Reinforcement Learning on Reconfigurable Hardware: Overcoming Material Variability in Laser Material Processing

TL;DR

Problem: variability in laser welding caused by material properties and surface conditions degrades weld quality. Approach: a real-time reinforcement learning controller implemented on an FPGA drives laser power using two optical sensor inputs, with server-side Soft Actor-Critic training and a simple reward based on the optical reflection signal . Contributions: real-time closed-loop control on FPGA enabling microsecond-scale reactions, autonomous adaptation to surface variation without prior tuning, validation on 316L stainless steel samples across brushed, sandblasted, and mixed surfaces, and post-fabrication imaging showing larger melt pools and reduced porosity compared with constant power strategies. Significance: demonstrates rapid, automated optimization for high-speed manufacturing and suggests routes to extend to other laser processes using richer sensing and domain randomization.

Abstract

Ensuring consistent processing quality is challenging in laser processes due to varying material properties and surface conditions.
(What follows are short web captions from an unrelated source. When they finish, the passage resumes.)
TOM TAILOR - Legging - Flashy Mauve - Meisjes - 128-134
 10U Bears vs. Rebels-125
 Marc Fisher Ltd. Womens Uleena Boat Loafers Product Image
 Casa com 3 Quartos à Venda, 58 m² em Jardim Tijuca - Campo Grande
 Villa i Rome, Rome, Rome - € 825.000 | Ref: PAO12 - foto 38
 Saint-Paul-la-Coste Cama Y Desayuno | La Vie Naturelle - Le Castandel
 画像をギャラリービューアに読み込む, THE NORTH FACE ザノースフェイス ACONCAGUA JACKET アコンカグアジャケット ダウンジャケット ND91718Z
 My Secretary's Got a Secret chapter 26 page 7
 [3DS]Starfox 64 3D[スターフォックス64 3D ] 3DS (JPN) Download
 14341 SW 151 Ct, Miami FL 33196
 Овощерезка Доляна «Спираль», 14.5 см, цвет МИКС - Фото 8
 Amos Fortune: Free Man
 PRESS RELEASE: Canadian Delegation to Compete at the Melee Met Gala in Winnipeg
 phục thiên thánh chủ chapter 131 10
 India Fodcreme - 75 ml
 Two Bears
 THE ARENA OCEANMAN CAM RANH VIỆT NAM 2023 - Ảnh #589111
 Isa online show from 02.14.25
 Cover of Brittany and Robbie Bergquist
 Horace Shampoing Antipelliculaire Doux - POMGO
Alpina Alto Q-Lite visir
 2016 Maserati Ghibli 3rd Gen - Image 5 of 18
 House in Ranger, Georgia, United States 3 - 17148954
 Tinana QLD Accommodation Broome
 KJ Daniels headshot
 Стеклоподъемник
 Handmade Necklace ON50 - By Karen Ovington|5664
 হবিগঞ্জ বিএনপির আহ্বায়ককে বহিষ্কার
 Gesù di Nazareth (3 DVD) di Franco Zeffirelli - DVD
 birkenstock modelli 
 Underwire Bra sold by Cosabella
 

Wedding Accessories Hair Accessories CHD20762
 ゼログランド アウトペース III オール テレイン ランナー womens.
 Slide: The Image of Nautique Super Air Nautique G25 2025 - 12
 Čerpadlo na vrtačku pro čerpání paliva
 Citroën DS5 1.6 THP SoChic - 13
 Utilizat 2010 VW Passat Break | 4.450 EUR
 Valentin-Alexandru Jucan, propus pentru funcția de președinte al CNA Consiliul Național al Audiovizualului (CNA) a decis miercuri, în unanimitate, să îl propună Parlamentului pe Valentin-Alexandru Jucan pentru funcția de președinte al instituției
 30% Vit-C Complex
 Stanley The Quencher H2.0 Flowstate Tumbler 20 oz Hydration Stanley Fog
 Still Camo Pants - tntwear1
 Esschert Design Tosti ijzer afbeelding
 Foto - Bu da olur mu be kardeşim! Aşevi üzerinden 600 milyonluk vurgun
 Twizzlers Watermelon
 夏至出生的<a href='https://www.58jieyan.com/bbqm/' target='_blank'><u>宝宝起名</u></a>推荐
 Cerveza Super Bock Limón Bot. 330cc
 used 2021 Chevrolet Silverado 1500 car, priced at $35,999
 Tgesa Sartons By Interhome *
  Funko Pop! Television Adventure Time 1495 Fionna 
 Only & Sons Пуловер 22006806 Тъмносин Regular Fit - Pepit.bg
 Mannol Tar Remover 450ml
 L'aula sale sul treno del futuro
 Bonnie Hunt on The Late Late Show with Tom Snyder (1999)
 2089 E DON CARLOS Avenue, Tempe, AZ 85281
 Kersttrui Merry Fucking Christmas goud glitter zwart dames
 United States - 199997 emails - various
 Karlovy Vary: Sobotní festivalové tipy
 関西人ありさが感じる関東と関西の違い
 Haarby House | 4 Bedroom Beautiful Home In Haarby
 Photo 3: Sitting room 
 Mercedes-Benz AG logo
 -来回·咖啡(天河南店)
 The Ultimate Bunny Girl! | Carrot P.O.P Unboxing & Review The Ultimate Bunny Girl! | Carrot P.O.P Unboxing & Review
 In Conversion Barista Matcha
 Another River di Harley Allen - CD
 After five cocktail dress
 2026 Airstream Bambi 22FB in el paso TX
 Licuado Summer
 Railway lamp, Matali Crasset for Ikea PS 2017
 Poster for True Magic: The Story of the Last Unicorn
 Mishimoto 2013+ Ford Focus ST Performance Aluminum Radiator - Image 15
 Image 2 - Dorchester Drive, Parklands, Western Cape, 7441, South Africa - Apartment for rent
Although some approaches have shown promise in solving this problem via automation, they often rely on predetermined targets or are limited to simulated environments. To address these shortcomings, we propose a novel real-time reinforcement learning approach for laser process control, implemented on a Field Programmable Gate Array to achieve real-time execution. Our experimental results from laser welding tests on stainless steel samples with a range of surface roughnesses validated the method's ability to adapt autonomously, without relying on reward engineering or prior setup information. Specifically, the algorithm learned the correct power profile for each unique surface characteristic, demonstrating significant improvements over hand-engineered optimal constant power strategies -- up to 23% better performance on rougher surfaces and 7% on mixed surfaces. This approach represents a significant advancement in automating and optimizing laser processes, with potential applications across multiple industries.

Paper Structure

This paper contains 11 sections, 2 equations, 4 figures.

Figures (4)

  • Figure 1: Illustration of the proposed method. Top: The FPGA receives optical signals from the process zone and uses its onboard policy network to determine the laser power in real-time. Between processing runs, the collected data is sent to a server where RL is used to train the policy. Bottom: The policy initially starts with random actions and learns to optimize the process outcome, achieving the best possible results while avoiding defects such as keyhole formation.
  • Figure 2: Comparison of our RL algorithm performance on different sample types during training and testing episodes. Three rows of plots are shown: Brushed, Sandblasted, and Mixed samples. Each row contains two graphs: Train Episode Returns (left) and Test Episode Returns (right). The blue lines represent the episode returns, while the red dashed lines indicate the Optimal Constant Power.
  • Figure 3: Comparison of OR and laser power actions during a test episode. OR (blue) and laser power actions (red). A power spike at the beginning initiates the melting process, while the increase in the middle of the episode corresponds to adjustments made for the sandblasted region. The microscope image at the bottom illustrates the corresponding processed line.
  • Figure 4: Representative melt-pool cross-sections taken from the mixed sample. Left column: Optimal constant power strategy. Right column: Learned policy. Top row: Brushed surface. Bottom row: Sandblasted surface.